The International Cycling Federation (UCI) has called again for a truth and reconciliation commission to examine its troubled sport following the Lance Armstrong doping scandal.

The American cyclist was stripped of his seven Tour de France titles and banned for life last year for doping.

Armstrong subsequently admitted in a television interview last month that he had taken performance-enhancing drugs in each of his Tour wins.

The UCI's credibility took a further blow when it disbanded a three-person independent commission set up to investigate whether or not the world governing body had helped Armstrong to conceal his drug-taking without sending it a single document.

It said instead it wanted to be part of a truth and reconciliation commission.

At a World Anti-Doping Agency (WADA) media symposium in London on Tuesday, WADA president John Fahey said he had received a letter late on Monday from the UCI again requesting a truth and reconciliation commission.

"Was it asking?," he said. "It was more telling. It nominated four people from the organization which did not include (UCI president) Pat McQuaid who would be representing UCI in such discussions."

Fahey said WADA had said all along it was more than happy to work out a way to deal "with this constant crisis which seem to surface in cycling."

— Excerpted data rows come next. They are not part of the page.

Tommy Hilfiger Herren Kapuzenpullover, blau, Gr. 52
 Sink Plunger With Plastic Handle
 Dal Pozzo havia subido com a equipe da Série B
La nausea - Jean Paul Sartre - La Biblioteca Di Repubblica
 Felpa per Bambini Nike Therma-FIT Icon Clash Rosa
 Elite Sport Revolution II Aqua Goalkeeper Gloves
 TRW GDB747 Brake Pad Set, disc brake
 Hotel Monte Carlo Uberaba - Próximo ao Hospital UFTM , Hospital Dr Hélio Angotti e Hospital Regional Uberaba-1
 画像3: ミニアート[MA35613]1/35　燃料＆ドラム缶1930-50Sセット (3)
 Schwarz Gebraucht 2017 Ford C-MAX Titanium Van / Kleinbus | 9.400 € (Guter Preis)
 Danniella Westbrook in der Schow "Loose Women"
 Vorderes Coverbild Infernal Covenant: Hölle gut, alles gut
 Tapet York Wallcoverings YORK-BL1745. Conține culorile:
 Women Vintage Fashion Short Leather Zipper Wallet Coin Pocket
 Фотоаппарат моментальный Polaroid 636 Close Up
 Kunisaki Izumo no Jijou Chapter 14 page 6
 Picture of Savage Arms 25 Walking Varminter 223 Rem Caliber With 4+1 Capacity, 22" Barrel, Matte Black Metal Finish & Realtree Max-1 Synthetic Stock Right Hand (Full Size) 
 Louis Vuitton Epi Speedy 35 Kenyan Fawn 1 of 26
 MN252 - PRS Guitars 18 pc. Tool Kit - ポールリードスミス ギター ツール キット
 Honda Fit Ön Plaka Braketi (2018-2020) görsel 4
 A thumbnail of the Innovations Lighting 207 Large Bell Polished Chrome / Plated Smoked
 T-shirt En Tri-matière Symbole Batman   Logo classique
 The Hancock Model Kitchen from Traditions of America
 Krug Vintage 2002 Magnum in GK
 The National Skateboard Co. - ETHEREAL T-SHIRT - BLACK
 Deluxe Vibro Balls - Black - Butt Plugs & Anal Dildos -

He said, though, the process had to be under the management and control of the original independent commission.

"So I put those terms back, that's the starting point, it hasn't changed for several weeks. If they are serious they will talk to us," he said.

Fahey said the terms truth and reconciliation were "wonderful fancy words."

"I think we leave that where we should leave it, where it had some meaning and that is in days gone by in South Africa," he said.

"Only cycling can heal the problems cycling has, they're independent, they run their own sport, the same as any other sport in the world.

"If the members are prepared to continue to allow this lurching from one crisis to another then I guess we are going to continue to read about turmoil in that sport for some time yet.

"I would hope that within the root and file members of cycling there is recognition that it can't continue this way without there being some dire consequences down the track."